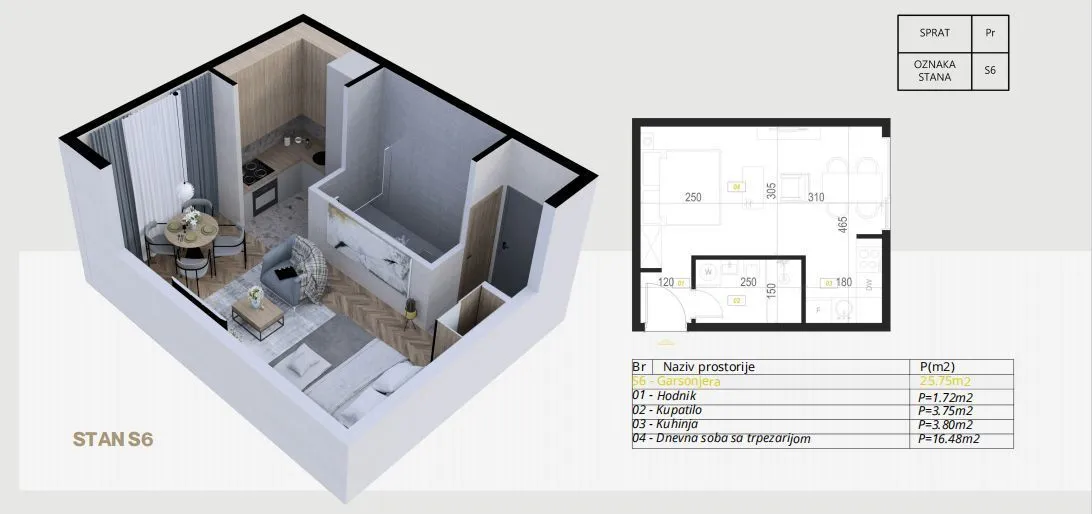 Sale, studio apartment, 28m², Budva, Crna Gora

· · · · · · ·

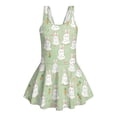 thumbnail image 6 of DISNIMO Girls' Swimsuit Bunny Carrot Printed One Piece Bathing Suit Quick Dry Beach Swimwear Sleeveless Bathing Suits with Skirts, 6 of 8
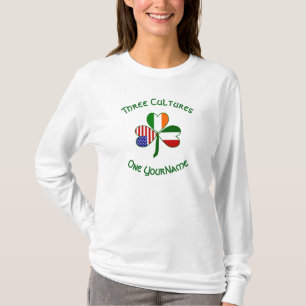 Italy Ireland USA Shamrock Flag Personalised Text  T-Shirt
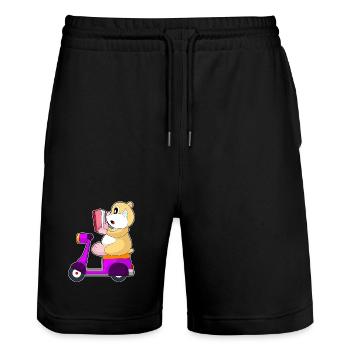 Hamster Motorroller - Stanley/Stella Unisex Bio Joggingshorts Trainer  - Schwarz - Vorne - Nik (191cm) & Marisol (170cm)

· · · · · · ·

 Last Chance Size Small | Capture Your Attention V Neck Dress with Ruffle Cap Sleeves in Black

· · · · · · ·

### Task requirements
Starting with the line that has "thumbnail image 6" and going on through the line that has "Hamster Motorroller - Stanley/Stella", transcribe the records above exactly, but skip the pictures.

### Response below
 thumbnail image 6 of DISNIMO Girls' Swimsuit Bunny Carrot Printed One Piece Bathing Suit Quick Dry Beach Swimwear Sleeveless Bathing Suits with Skirts, 6 of 8
 Italy Ireland USA Shamrock Flag Personalised Text  T-Shirt
 Hamster Motorroller - Stanley/Stella Unisex Bio Joggingshorts Trainer  - Schwarz - Vorne - Nik (191cm) & Marisol (170cm)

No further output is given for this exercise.